# WHAT THE EXERCISE ASKS
Once you have located the line containing "Hermes Silk Effet" in the material below, return it exactly along with each line after it through the line containing "Petromila vidaXL Nočný".

SOURCE INFORMATION section start

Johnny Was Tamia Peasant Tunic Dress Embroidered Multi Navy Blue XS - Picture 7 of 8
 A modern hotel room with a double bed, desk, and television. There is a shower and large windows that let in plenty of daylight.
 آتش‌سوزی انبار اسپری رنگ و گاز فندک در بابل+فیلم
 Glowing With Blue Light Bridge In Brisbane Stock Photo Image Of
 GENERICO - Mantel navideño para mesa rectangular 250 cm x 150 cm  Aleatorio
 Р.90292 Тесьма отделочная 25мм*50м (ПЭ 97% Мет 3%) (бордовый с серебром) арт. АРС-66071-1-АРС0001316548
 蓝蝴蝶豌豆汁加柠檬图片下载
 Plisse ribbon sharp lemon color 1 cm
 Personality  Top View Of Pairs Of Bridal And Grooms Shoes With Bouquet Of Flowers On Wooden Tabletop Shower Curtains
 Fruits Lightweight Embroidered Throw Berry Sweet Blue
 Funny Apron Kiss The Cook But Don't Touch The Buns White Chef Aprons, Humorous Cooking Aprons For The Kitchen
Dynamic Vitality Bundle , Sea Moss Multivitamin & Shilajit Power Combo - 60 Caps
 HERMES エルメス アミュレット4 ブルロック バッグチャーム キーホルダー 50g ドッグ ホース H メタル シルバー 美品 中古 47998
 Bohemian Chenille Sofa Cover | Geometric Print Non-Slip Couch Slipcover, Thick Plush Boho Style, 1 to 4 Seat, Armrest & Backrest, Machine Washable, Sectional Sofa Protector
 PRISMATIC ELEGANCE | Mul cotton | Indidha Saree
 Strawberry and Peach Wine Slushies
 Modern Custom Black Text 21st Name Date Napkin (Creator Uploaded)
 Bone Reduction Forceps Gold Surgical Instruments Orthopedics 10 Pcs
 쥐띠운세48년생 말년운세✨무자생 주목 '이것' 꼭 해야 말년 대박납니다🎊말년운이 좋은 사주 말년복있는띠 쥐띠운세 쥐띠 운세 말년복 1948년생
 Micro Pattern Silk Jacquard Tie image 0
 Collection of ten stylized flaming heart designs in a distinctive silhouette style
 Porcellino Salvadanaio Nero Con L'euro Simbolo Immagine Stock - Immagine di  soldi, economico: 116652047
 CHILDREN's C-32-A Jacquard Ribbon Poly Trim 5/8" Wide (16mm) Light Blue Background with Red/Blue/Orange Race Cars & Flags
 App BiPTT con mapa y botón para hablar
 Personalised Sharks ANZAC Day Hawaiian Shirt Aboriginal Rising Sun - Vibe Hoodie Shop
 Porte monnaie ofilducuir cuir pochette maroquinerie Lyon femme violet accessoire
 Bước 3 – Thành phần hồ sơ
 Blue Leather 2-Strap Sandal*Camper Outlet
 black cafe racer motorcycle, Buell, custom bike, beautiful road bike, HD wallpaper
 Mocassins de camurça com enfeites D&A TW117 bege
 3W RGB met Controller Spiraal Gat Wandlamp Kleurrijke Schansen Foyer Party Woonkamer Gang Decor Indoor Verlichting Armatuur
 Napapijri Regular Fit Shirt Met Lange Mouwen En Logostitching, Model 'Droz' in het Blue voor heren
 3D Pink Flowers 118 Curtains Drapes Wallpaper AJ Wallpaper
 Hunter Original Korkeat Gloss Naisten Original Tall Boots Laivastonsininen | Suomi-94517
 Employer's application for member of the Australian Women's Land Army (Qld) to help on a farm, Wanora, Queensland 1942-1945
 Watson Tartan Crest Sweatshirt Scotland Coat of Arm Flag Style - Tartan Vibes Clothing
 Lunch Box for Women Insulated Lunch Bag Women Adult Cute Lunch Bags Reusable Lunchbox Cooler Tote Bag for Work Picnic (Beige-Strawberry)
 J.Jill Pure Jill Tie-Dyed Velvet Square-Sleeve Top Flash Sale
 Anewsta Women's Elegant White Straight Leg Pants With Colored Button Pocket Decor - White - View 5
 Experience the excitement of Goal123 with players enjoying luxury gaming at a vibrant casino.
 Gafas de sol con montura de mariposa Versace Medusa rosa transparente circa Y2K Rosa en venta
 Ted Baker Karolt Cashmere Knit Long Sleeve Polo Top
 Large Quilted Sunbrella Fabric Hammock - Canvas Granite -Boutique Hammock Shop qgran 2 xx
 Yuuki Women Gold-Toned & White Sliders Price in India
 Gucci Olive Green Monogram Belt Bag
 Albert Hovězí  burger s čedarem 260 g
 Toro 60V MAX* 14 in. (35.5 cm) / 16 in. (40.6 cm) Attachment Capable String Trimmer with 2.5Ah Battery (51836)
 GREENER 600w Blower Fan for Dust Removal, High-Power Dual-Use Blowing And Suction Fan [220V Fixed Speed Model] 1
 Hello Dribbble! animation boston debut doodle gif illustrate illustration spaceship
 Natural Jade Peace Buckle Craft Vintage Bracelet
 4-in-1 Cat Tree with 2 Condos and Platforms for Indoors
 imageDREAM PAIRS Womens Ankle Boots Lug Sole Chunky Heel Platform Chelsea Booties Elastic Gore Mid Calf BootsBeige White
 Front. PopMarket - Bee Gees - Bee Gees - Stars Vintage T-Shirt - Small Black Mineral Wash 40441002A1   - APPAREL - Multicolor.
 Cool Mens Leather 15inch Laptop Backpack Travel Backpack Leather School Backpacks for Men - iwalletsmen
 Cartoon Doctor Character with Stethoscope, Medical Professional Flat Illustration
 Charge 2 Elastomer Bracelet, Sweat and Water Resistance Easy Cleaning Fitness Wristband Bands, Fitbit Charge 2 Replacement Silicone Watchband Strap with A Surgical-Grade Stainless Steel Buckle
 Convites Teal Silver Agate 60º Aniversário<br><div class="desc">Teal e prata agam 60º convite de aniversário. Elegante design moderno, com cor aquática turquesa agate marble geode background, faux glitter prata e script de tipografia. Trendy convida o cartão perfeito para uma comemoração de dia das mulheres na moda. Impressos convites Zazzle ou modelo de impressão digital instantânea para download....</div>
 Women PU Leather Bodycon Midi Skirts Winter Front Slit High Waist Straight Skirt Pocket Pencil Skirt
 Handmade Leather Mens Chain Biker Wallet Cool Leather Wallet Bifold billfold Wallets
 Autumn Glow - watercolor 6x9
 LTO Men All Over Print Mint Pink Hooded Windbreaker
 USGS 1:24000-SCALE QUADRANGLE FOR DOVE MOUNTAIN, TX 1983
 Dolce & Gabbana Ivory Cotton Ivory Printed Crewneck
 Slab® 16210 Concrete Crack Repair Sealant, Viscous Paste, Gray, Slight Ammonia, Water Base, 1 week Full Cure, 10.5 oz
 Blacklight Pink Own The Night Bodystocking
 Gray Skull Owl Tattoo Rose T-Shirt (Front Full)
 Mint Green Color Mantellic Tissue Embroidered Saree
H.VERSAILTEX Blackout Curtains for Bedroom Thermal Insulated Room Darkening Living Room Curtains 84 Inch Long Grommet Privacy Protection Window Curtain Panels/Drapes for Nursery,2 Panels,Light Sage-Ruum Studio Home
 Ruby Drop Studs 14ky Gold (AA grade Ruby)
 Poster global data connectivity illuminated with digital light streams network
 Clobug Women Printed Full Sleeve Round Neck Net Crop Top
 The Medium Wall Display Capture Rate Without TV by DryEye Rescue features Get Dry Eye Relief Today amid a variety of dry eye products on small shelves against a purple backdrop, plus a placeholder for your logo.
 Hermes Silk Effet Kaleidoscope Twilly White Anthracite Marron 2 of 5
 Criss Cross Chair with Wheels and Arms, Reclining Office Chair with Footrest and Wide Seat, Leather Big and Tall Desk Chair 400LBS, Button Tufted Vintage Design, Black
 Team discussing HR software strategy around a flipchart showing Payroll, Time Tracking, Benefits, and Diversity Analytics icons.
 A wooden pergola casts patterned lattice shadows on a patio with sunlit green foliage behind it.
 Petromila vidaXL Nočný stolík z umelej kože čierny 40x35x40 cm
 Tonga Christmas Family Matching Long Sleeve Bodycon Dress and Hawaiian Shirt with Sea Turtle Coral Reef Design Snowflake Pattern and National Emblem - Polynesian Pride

SOURCE INFORMATION section end

# EXPECTED OUTPUT
 Hermes Silk Effet Kaleidoscope Twilly White Anthracite Marron 2 of 5
 Criss Cross Chair with Wheels and Arms, Reclining Office Chair with Footrest and Wide Seat, Leather Big and Tall Desk Chair 400LBS, Button Tufted Vintage Design, Black
 Team discussing HR software strategy around a flipchart showing Payroll, Time Tracking, Benefits, and Diversity Analytics icons.
 A wooden pergola casts patterned lattice shadows on a patio with sunlit green foliage behind it.
 Petromila vidaXL Nočný stolík z umelej kože čierny 40x35x40 cm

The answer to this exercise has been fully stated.